Between 2006 and 2011, for every dollar CC spent through operations, capital projects, and student/visitor spending, another 69 cents went into Colorado’s economy. For every dollar a CC student spent, another $1.16 went into the economy, and the “average CC student spent $752 a month off-campus.” Student spending alone created, on average, 150 jobs per year, or 751 jobs over the five-year period.
Students in CC’s MAT program contribute the most to the local economy, spending, on average, over $1,600 a month, followed by off-campus students, who spend $1,200 a month. In total, the student expenditure sums to $79 million over the five-year period, resulting in a total output of $172 million, with an indirect impact of $93 million.
Sood didn’t forget about parents, guests, and alums, who spent $11 million over the five years. For every dollar they spent, another 30 cents were added to the state economy, translating to 36 jobs every year.
The study also looked at the impact of “brain gain,” or as Tiefenthaler put it: “human capital.”
Many CC graduates choose to stay in Colorado, helping local economies, working on “school boards and committees,” said Tiefenthaler. Sood cited three CC alums who founded Lexidyne, LLC, a consulting firm in Colorado Springs as an example of what graduates bring to the local economy.

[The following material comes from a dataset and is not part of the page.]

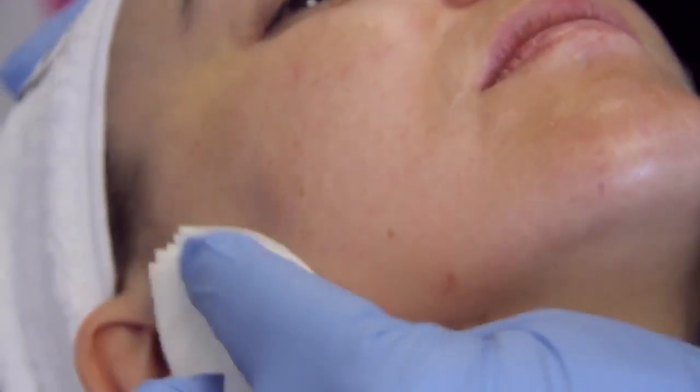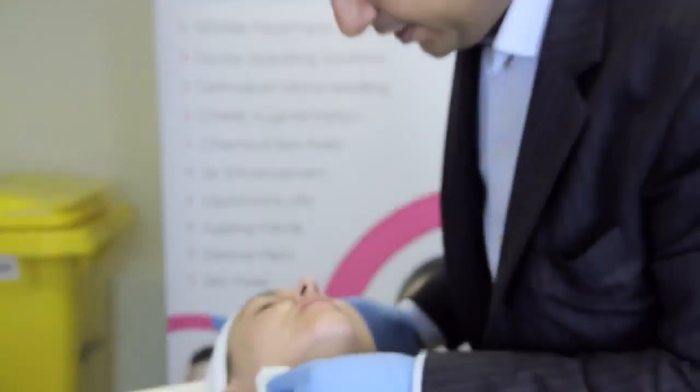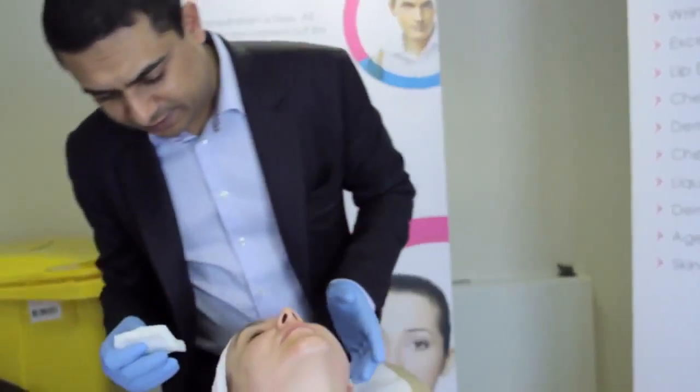We're just going to clean away the area. Some aftercare advice, Hayley: no exercise today, no alcohol, and don't bend down or lie down for three to four hours. We're just going to wipe away the excess blood and the markings. As you can see, there's no trauma, bruising or bleeding.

In the last 34 years, the study found, around 8,000 alumni became residents of Colorado, many of whom add to Colorado’s creative class. The creative class, Sood describes, citing the economist Richard Florida, is a “fast-growing, highly-educated, and well paid segment of the workforce on whose efforts the workforce profit and economic growth increasingly depends.”
The creative class includes, but is not limited to, journalists, doctors, and lawyers.
“There was a report last year on my blog,” said Tiefenthaler, “that showed that we were one of the top five non-profits in Colorado Springs.”
Over the five-year period, the 77,202 hours of community service CC did equates to 37-full time service workers, with an average of 8 workers per year.
Sood, who is currently conducting her thesis—a study that is examining different methodologies for entering data—is planning on applying to PhD programs in economics.
“The positive impact we have on the community feeds back to the college,” Tiefenthaler said, “The more we try to have a great Colorado Springs, the greater CC will be.”